Tuesday, May 31, 2011

Land Use Changes Are Main Factor In Carbon Emissions From Biofuels.

Not all biofuels are "green" according to where the crops from which they are derived are grown. The worst offenders are palm oils which may have ten times the carbon emissions of normal diesel fuel derived from petroleum, if the palm is grown on converted rainforest land. In contrast, when the palm is grown on previously cleared land, its emissions are around one fifth that for conventional petroleum-derived diesel. These conclusions are from a life-cycle analysis of 14 different source-fuels made by a team at M.I.T. which takes account of the carbon emissions incurred in the growing and harvesting of the crop, including land-clearance, its processing and the CO2 that results from final combustion of the fuel. http://pubs.acs.org/doi/abs/10.1021/es102597f?journalCode=esthag

Accordingly, it is suggested that biofuels that depend far less on changes in land use may be the cleanest in terms of carbon emissions, including those from salicornia and algae. The latter particularly require smaller areas of land to produce them than their equivalent quantity derived from land-based crops, and the fertility of that land is not an issue, since they can be grown in tanks or biorectors placed on land of any quality.

Certainly, greenhouse gas emissions are not the only consideration to be borne in mind in choosing a particular biofuel, and there is the matter of production-costs and the feasibility of making the fuel on the large scale, if any significant substitution for petroleum-derived fuels is to prove practical. In the evaluation of diesel from algae given in the M.I.T. paper, is given a considerable range (0.1 - 2.1) as normalised to conventional diesel, i.e. algal fuel is reckoned as between one tenth to more than twice as carbon-emitting as petro-diesel depending on details of the processing.
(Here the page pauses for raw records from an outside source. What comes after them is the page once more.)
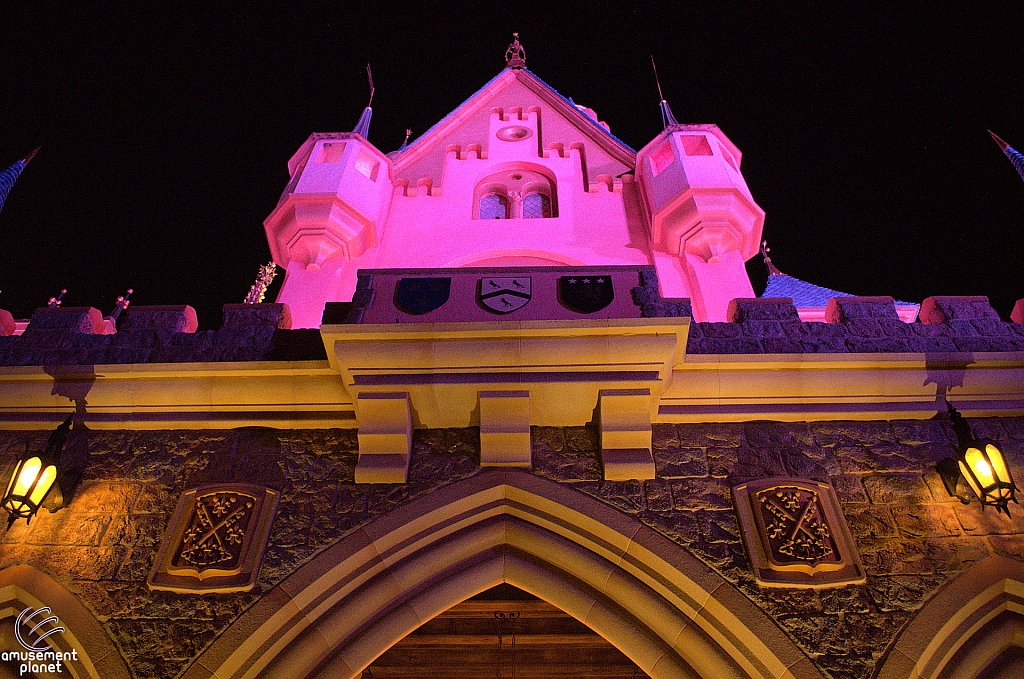 Sleeping Beauty Castle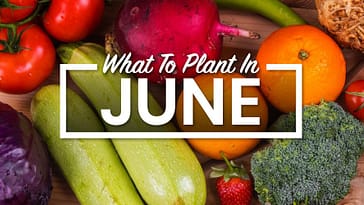 What To Plant In June: Sowing Summer Seeds And Sprouts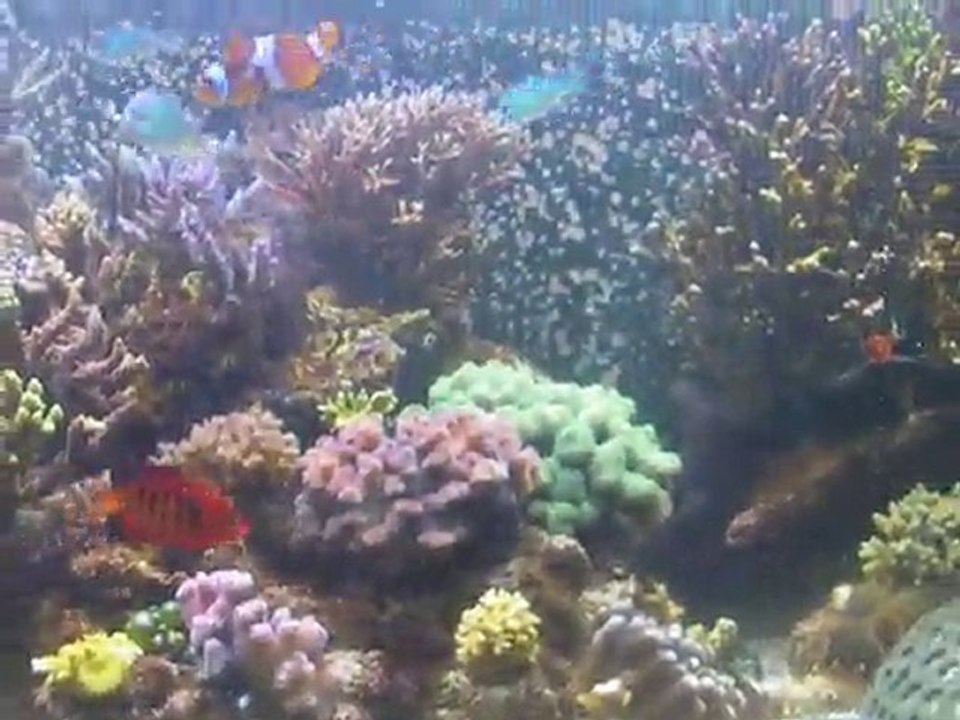 IMGP3298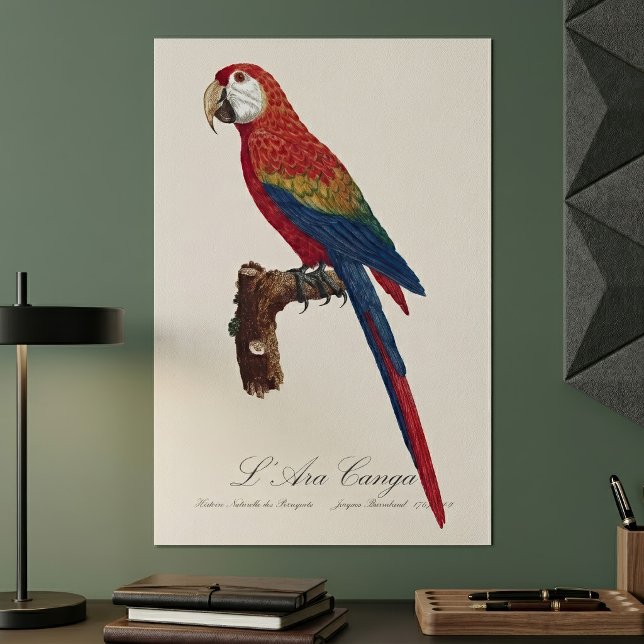 Scarlet Macaw or Red-Breasted Macaw, Ara macao Poster (Scarlet Macaw or Red-Breasted Macaw, Ara macao. Poster)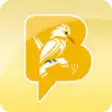 Icon of program: BirdsBeep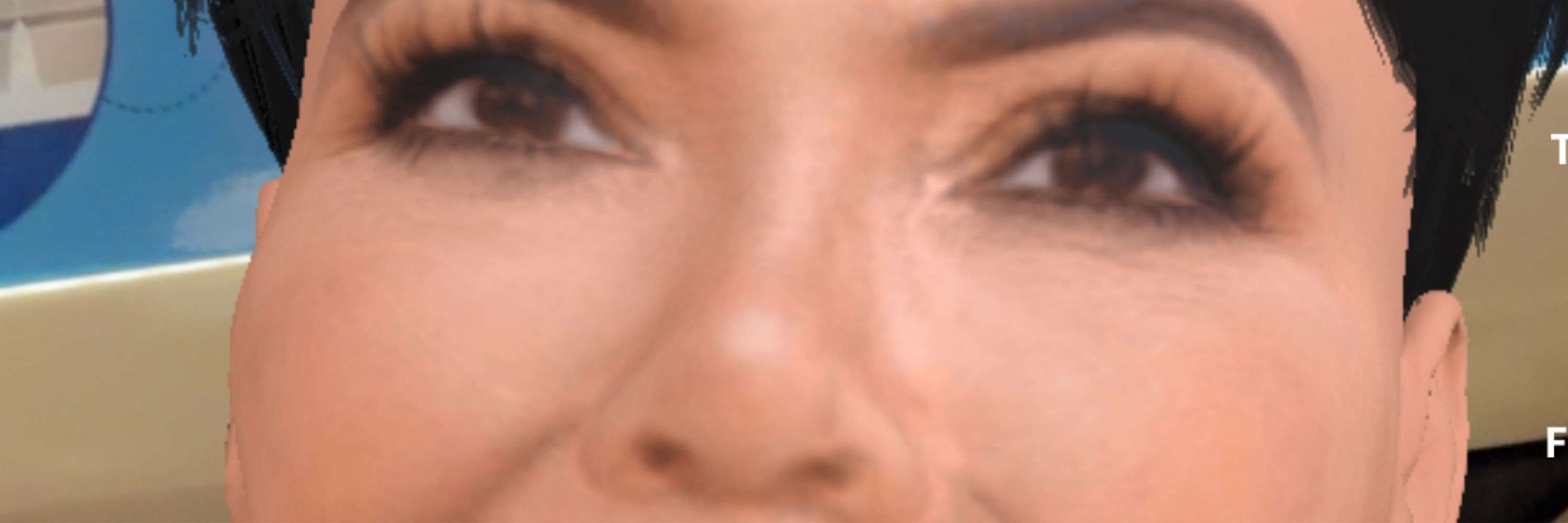 Raulo
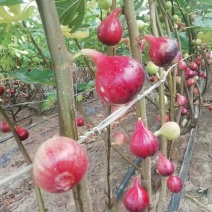 无花果苗！波姬红苗，当年结果，好管理病少！！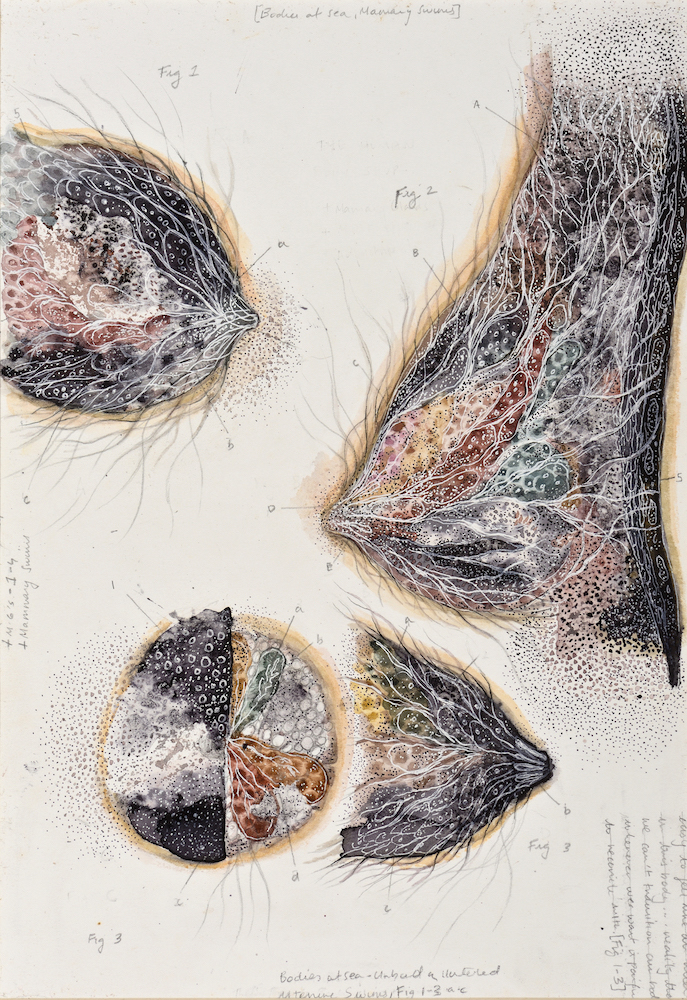 Devika Sundar, art and health, contemporary Indian Artist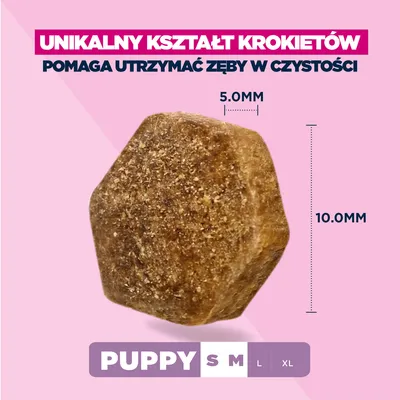 Eukanuba Premium Nutrition Puppy Small & Medium Breed, jagnięcina i ryż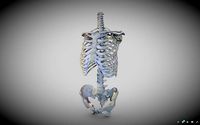 Torso skeleton
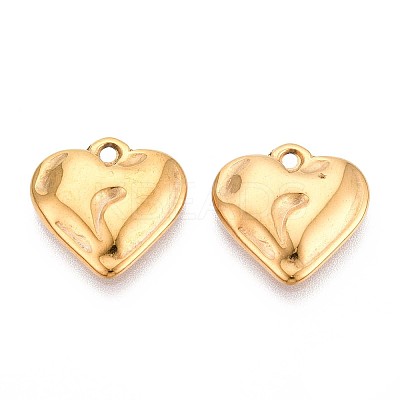 304 Stainless Steel Pendants STAS-T065-24A-G-1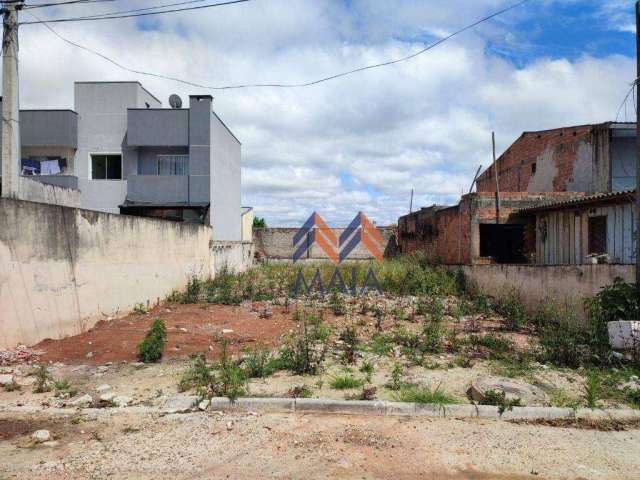 Terreno à venda, 256 m² por R$ 199.000,00 - Afonso Pena - São José dos Pinhais/PR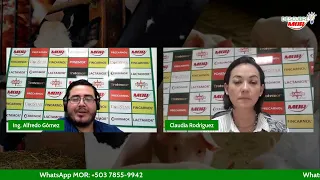 Webinar Aspectos Claves en la Nutrición de Pollos de Engorde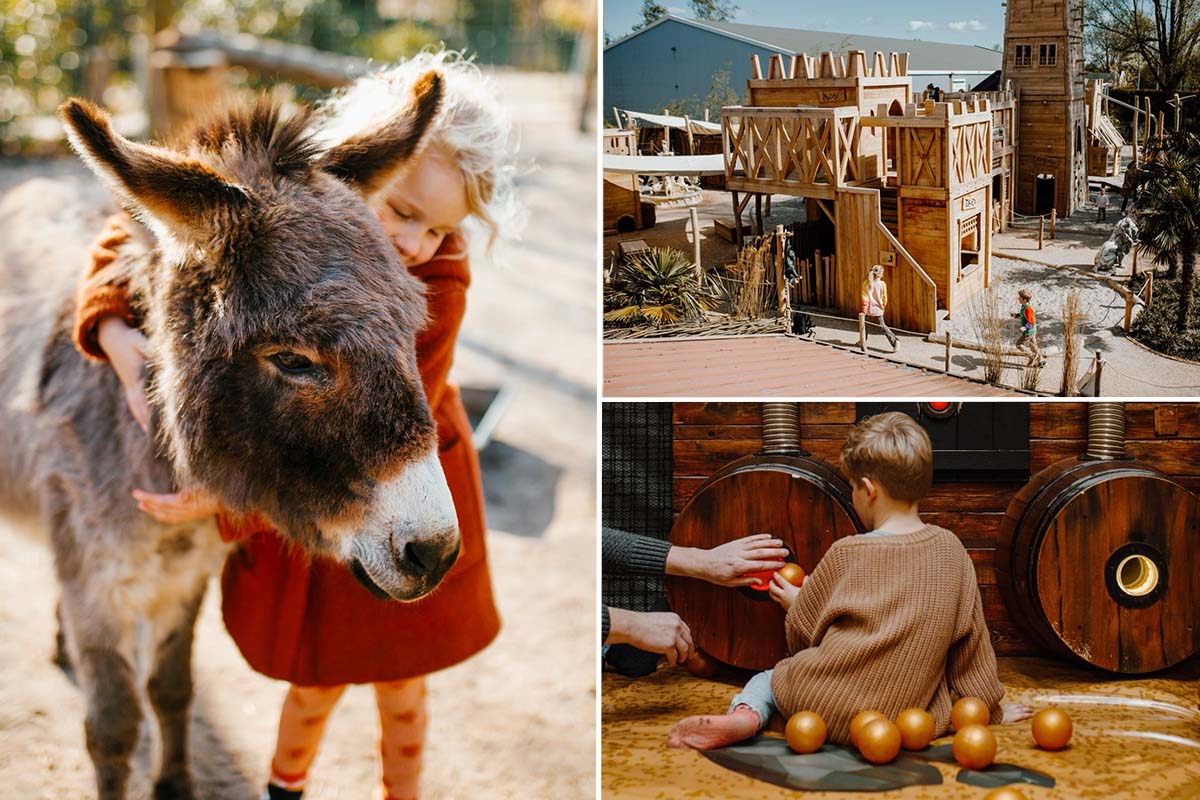 Entreeticket Sanjes Safari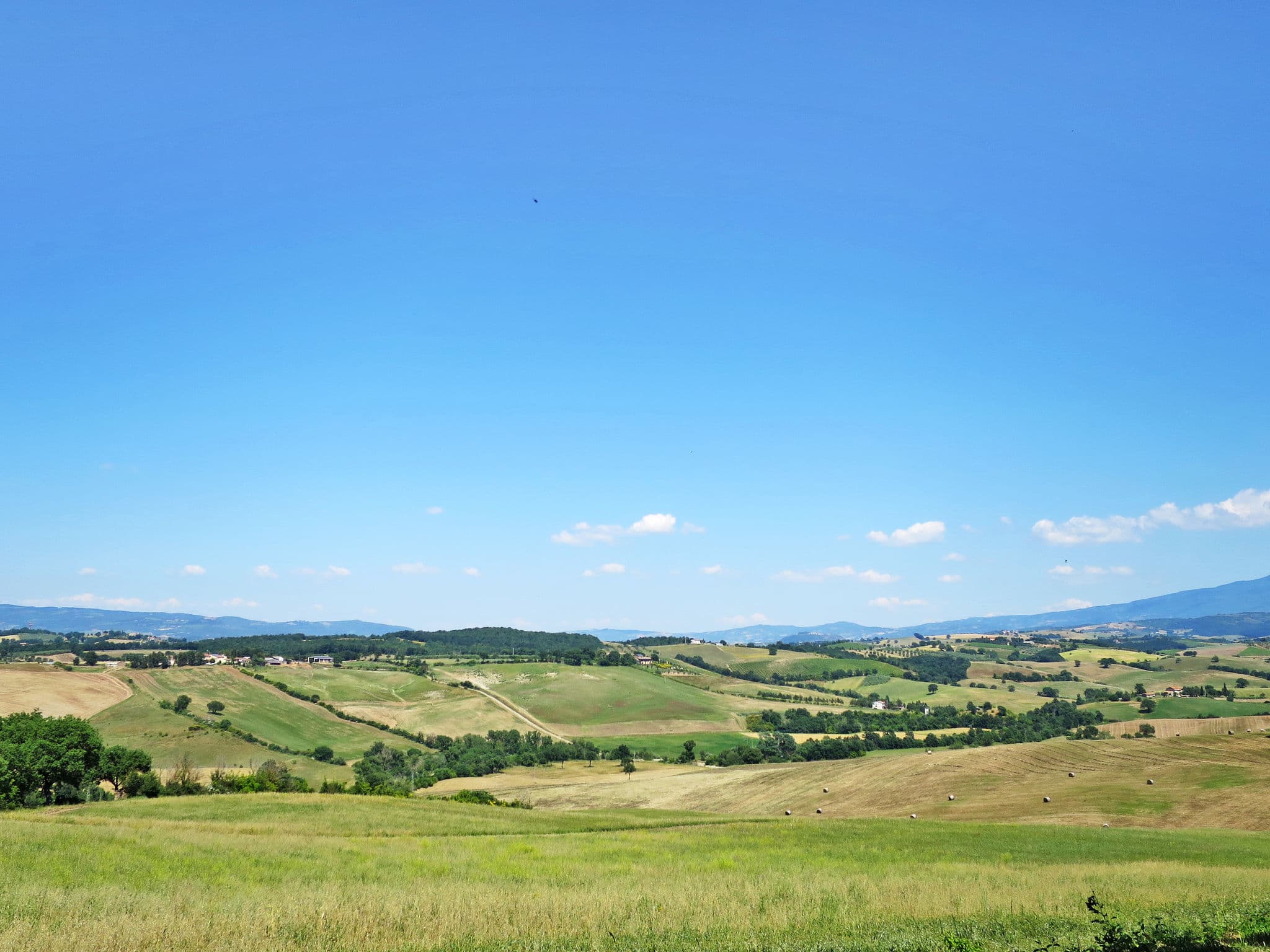 Place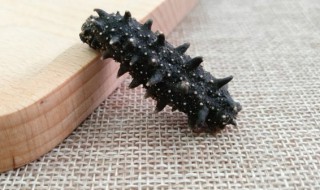 海参怎么分辨多少头（海参怎么看多少头）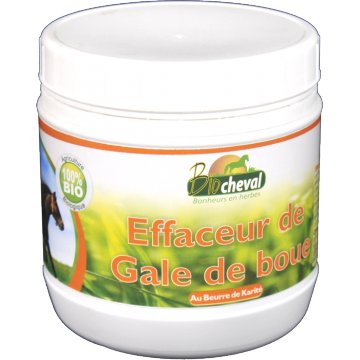 Dermios Gale de boue Dermios Gale de boue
What is interesting is that the conversions of biomass (e.g. switchgrass and salicornia) to synthetic diesel using Fischer-Tropsch (F-T.) and coal to liquids with F.-T. generally appear favourable in comparison with standard petro-diesel production.

I am grateful to Dr Jim Hileman for sending me a copy of the paper.

Sunday, May 22, 2011

British Government Faces Up To Peak Oil.

The UK Secretary for Energy and Climate Change, Chris Huhne, has committed to establish an "Oil Shock Response Plan" to cope with some of the consequences of peak oil (http://www.businessgreen.com/bg/news/2072738/exclusive-government-develop-oil-shock-response-plan). While there remains dissent as to the facts of peak oil, a growing body of experts think that the phenomenon will occur at some point during the next five years. On a recent BBC radio 4 broadcast (March 27th) a former president of Shell, John Hofmeister, reckoned that there was no problem with the production of oil meeting demand for it until 2050/2060. This kind of estimate includes various kinds of unconventional oil for which the EROEI (Energy Returned on Energy Invested) is far lower than for the cheap readily available conventional oil on which the modern global world depends.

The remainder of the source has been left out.